На том конце провода повисает пауза, потом звучит недоуменное:
— Как кто? Ваша дочь — Анна Варпаховская.
— А-а, нет! Эта артистка не годится, подумайте еще.
Несусь к нему с воплем:
— Папа, как ты мог?!
И он подслащивает уже проглоченную мной горькую пилюлю:
— Понимаешь, Лиззи же некрасивая, а ты красивая, поэтому не подходишь.
Не думаю, что он совсем уж не верил в меня, только страх: «Вот дам дочери роль, а если она не справится? Куда тогда со стыда деваться?» — оказался сильнее.
Хорошо помню выражение его лица на первых репетициях спектакля «Волки и овцы», где мама выбила-таки мне роль Глафиры. С каким умилением он смотрел на других актеров и какой скорбью наполнялся взгляд, переведенный на меня. Я страшно комплексовала, но держала переживания при себе. В глубине души знала, что справлюсь и папа еще будет мной гордиться.

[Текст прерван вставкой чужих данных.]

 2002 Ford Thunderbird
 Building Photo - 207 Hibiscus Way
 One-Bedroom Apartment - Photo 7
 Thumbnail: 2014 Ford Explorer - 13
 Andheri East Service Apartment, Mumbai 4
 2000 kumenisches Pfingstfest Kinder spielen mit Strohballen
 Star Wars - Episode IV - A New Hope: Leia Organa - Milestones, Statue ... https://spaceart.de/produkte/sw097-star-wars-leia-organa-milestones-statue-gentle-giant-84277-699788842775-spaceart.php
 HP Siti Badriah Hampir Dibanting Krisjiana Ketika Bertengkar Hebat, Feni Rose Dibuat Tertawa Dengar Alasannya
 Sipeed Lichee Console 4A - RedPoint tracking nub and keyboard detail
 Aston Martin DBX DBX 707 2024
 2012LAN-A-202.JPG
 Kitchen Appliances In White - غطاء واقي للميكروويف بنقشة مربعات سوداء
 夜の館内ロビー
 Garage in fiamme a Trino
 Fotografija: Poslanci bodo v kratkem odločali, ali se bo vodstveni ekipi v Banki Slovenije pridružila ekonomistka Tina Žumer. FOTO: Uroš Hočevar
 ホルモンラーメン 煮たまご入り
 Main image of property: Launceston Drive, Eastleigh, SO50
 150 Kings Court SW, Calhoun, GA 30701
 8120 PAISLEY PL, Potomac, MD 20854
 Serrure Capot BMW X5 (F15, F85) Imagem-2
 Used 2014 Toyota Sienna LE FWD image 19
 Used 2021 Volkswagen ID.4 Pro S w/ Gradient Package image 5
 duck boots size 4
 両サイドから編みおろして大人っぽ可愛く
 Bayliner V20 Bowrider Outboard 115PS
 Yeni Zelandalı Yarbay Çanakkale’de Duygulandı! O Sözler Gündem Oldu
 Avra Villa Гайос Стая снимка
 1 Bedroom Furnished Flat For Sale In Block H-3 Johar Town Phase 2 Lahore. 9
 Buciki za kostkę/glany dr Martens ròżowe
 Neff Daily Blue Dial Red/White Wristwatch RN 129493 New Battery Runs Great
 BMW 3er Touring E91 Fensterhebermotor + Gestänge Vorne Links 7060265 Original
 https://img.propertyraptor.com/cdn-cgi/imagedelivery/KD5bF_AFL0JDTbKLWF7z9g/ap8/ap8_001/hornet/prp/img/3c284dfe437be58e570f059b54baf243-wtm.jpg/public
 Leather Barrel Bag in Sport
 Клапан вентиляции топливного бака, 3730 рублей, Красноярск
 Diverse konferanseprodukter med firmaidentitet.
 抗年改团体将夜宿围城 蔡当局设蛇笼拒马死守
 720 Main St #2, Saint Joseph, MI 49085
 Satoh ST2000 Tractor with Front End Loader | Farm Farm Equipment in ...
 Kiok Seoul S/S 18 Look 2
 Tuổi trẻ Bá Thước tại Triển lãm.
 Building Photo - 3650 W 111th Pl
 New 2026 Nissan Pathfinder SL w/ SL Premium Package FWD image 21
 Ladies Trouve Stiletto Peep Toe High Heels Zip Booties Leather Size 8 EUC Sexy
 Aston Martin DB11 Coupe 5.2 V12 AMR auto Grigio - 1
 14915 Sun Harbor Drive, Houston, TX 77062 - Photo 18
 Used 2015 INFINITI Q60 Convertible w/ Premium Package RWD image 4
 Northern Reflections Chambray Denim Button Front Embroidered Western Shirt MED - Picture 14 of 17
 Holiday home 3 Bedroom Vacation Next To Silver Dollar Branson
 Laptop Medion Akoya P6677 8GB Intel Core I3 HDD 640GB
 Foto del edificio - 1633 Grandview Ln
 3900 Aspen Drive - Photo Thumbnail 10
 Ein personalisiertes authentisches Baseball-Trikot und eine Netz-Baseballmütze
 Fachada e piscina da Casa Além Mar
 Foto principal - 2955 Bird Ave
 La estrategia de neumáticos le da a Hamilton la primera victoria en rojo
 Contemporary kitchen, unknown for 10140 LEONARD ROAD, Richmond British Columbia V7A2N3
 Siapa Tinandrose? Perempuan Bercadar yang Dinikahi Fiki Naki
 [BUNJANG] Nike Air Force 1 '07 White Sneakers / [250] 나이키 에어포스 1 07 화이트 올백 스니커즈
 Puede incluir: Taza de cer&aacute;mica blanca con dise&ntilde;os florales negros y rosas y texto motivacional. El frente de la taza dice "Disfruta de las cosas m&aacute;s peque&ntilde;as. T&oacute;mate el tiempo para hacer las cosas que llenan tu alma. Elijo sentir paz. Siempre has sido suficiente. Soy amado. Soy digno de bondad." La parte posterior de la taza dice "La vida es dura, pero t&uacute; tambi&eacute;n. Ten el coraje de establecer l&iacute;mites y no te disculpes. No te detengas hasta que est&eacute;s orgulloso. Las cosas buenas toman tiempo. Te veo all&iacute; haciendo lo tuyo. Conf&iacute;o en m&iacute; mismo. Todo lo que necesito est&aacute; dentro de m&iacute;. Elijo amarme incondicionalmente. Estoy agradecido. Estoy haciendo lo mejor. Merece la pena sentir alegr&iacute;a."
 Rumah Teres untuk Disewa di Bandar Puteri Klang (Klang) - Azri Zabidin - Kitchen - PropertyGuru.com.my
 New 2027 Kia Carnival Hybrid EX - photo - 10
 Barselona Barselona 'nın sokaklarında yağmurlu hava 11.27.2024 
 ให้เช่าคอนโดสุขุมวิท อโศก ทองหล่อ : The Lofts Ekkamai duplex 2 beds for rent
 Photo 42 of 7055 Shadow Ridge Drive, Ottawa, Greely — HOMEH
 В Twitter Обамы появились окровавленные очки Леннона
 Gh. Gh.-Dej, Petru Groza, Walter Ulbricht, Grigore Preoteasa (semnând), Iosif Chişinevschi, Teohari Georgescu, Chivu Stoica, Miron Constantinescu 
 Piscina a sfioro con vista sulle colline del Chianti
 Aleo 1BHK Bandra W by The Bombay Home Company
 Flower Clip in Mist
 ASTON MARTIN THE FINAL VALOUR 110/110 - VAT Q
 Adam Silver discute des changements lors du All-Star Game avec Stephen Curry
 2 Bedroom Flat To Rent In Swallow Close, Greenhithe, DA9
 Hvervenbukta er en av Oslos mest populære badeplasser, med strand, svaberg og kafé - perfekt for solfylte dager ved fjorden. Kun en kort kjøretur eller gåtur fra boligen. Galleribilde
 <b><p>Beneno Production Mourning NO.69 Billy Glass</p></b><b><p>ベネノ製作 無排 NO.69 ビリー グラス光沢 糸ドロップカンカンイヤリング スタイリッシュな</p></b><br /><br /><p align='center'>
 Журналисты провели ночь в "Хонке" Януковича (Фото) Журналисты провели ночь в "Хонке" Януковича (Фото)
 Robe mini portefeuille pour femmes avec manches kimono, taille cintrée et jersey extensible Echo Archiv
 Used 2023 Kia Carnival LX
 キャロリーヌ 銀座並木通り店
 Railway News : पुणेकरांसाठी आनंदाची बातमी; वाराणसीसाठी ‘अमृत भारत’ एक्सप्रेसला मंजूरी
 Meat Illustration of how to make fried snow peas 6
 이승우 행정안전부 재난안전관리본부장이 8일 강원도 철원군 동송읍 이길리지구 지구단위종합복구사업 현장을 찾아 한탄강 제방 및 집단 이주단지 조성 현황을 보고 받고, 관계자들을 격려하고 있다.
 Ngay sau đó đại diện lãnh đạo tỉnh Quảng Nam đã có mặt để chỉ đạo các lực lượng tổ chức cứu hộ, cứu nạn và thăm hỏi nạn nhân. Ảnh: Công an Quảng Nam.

Худсовету «Волков и овец» сдавали на гастролях в Куйбышеве. Перед огромным, темным, безмолвным залом. После показа у меня было четкое ощущение, что провалилась. Коллеги начали жалеть, давать советы, как вести себя в этой сцене, чего добавить в другой. Еще немного, и вконец бы запутали, сбили, заморочили. Чтобы этого не случилось, папа на три дня запер меня в гостиничном номере — даже еду туда носил. На четвертый день — премьера, где с первого появления Глафиры на сцене между мной и публикой возник контакт. Это так вдохновило и раскрепостило, что я буквально купалась в роли. А папа, как потом поведала мама, сидел в зале пунцовый от гордости и на моих сценах показывал большой палец. Когда вернулись в гостиницу, я поцеловала ему руку — в благодарность за первый сумасшедший успех и за заточение в номере. Останься я «на свободе», точно ничего не сыграла бы.
Московская премьера была назначена на тринадцатое февраля 1976 года — на следующий день после ухода папы. Я не представляла, как смогу выйти на сцену, готова была попросить руководство театра отменить спектакль. Но мама запретила: «Папа бы этого не одобрил». Как отыграла в тот вечер, не помню... Впоследствии на протяжении многих лет «Волки и овцы» шли на сцене театра двенадцатого февраля — в память о Леониде Варпаховском.